Each section is merged to main via Pull Request — we'll learn PRs on Thursday.

In [None]:
# Fill in your team info — save and commit this as your first team action

team = {
    "team_name": "",
    "repo_name": "",  # will be: week6-sales-analysis-[team-name]
    "members": [
        {"name": "", "github": "", "section": "Section 1 - Loading",  "branch": "section-1-loading"},
        {"name": "", "github": "", "section": "Section 2 - Revenue", "branch": "section-2-revenue"},
        {"name": "", "github": "", "section": "Section 3 - Trends",  "branch": "section-3-trends"},
        # 4-person teams uncomment:
        # {"name": "", "github": "", "section": "Section 4 - Reps", "branch": "section-4-reps"},
    ]
}

print(f"Team: {team['team_name']}")
for m in team['members']:
    if m['name']:
        print(f"  {m['name']} ({m['github']}) -> {m['branch']}")

### Repo Owner Checklist (do before Thursday)

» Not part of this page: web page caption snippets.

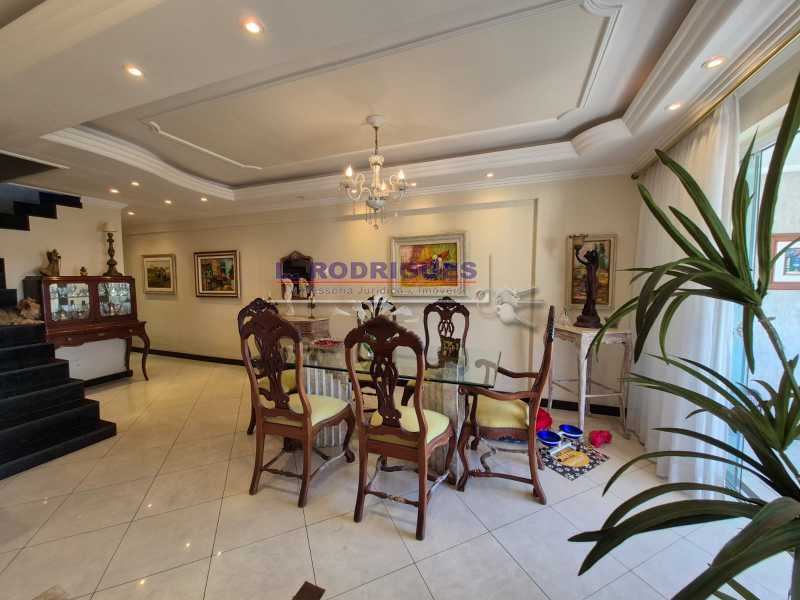 WhatsApp Image 2025-09-12 at 1 - 7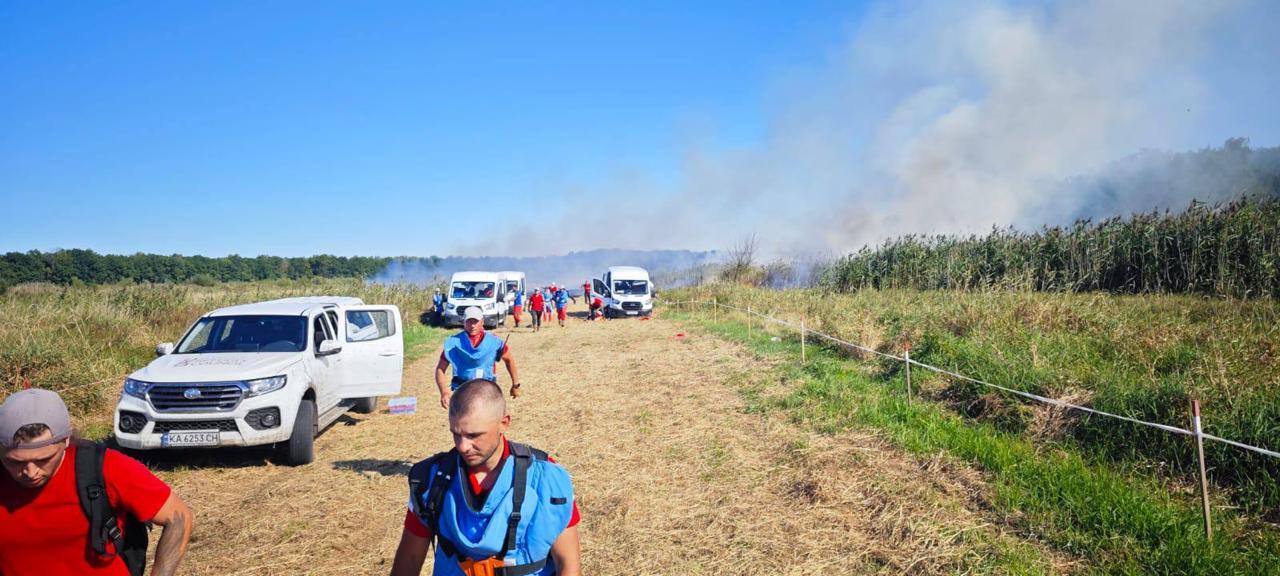 Росіяни вдарили по співробітниках гуманітарної місії з розмінування у Чернігові: є жертви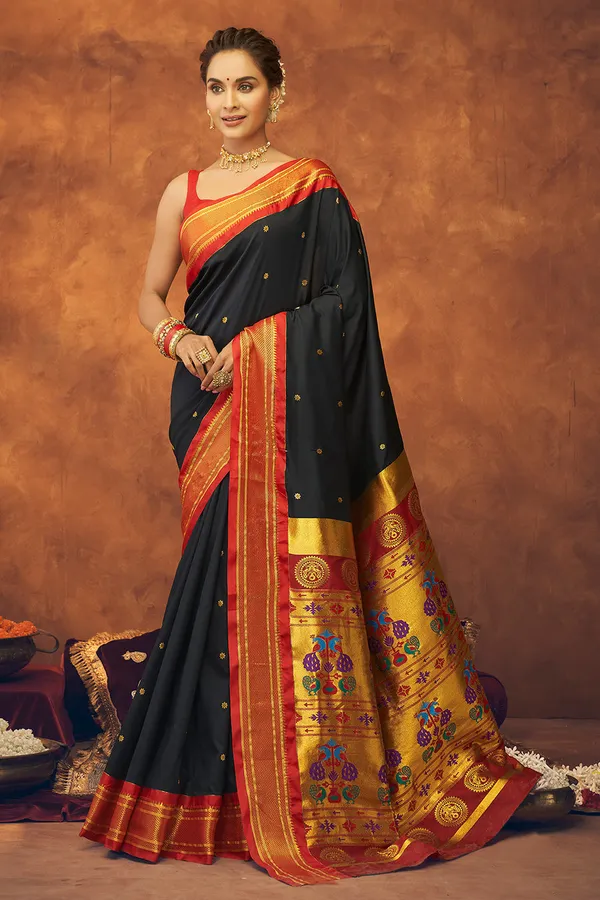 Black_Soft_Paithani_Saree_With_Gold_Zari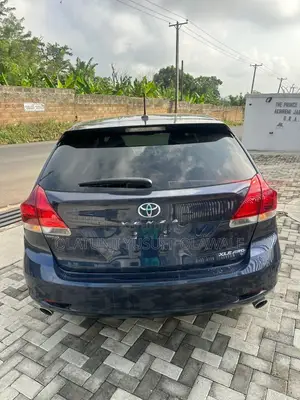 Toyota Venza XLE 4dr Wagon (3.5L 6cyl 6A) 2015 Blue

The Section 1 person typically owns the repo:

- [ ] Create repo `week6-sales-analysis-[team-name]` on GitHub — set to Public
- [ ] Add all teammates: Settings → Collaborators → Add People
- [ ] Download starter notebook from Canvas and commit it to the repo
- [ ] Commit message: `'Initial commit: add assignment notebook'`
- [ ] Push and share the URL in your group chat

**Every team member before Thursday:**
- [ ] Accept the GitHub collaboration invitation (check email)
- [ ] `git clone [repo-url]`
- [ ] Open in VS Code — confirm the notebook loads
- [ ] `git checkout -b section-X-name` — create your branch
- [ ] Make one small test commit to confirm push access works

---

### Summary

- Notebooks are JSON — outputs and execution counts cause hidden conflicts
- Clear outputs before every commit — the single most important habit
- Branches give each person a safe sandbox for parallel work
- Separate sections of a notebook merge cleanly because they're separate JSON objects
- Communication in your group chat prevents most problems before they start

See you Thursday with repos ready and branches created!

---
*Week 6 Tuesday — Notebook Collaboration and Branching*